TASK GOAL.
Transcribe exactly the line containing "Cable prolongador alimentacion" and each line after it, through the end of the entries, with nothing before or after.

Start of MATERIAL SUPPLIED

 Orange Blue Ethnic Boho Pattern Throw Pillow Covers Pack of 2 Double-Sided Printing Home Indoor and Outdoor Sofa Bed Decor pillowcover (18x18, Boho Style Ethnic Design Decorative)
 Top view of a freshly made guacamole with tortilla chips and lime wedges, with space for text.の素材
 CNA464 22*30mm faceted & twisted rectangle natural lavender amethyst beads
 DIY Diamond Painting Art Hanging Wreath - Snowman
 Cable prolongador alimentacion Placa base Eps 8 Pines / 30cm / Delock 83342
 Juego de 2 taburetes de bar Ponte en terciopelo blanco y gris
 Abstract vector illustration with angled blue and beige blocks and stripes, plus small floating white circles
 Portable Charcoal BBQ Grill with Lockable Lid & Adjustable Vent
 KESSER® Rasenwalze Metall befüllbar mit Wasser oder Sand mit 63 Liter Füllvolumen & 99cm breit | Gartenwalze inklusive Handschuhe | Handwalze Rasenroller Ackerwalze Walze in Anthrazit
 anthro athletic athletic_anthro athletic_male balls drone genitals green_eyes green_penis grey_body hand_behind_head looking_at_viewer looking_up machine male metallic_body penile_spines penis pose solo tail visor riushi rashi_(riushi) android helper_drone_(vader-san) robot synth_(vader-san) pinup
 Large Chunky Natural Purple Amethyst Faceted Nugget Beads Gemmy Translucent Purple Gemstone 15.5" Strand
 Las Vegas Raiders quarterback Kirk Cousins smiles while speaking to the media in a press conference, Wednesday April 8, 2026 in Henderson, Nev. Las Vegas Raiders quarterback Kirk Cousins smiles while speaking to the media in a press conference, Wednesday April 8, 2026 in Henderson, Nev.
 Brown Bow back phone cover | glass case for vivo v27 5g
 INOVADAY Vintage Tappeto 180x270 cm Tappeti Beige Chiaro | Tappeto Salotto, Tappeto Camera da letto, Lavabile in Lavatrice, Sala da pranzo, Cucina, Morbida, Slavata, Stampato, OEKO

End of MATERIAL SUPPLIED

SOLUTION TO THIS EXERCISE.
 Cable prolongador alimentacion Placa base Eps 8 Pines / 30cm / Delock 83342
 Juego de 2 taburetes de bar Ponte en terciopelo blanco y gris
 Abstract vector illustration with angled blue and beige blocks and stripes, plus small floating white circles
 Portable Charcoal BBQ Grill with Lockable Lid & Adjustable Vent
 KESSER® Rasenwalze Metall befüllbar mit Wasser oder Sand mit 63 Liter Füllvolumen & 99cm breit | Gartenwalze inklusive Handschuhe | Handwalze Rasenroller Ackerwalze Walze in Anthrazit
 anthro athletic athletic_anthro athletic_male balls drone genitals green_eyes green_penis grey_body hand_behind_head looking_at_viewer looking_up machine male metallic_body penile_spines penis pose solo tail visor riushi rashi_(riushi) android helper_drone_(vader-san) robot synth_(vader-san) pinup
 Large Chunky Natural Purple Amethyst Faceted Nugget Beads Gemmy Translucent Purple Gemstone 15.5" Strand
 Las Vegas Raiders quarterback Kirk Cousins smiles while speaking to the media in a press conference, Wednesday April 8, 2026 in Henderson, Nev. Las Vegas Raiders quarterback Kirk Cousins smiles while speaking to the media in a press conference, Wednesday April 8, 2026 in Henderson, Nev.
 Brown Bow back phone cover | glass case for vivo v27 5g
 INOVADAY Vintage Tappeto 180x270 cm Tappeti Beige Chiaro | Tappeto Salotto, Tappeto Camera da letto, Lavabile in Lavatrice, Sala da pranzo, Cucina, Morbida, Slavata, Stampato, OEKO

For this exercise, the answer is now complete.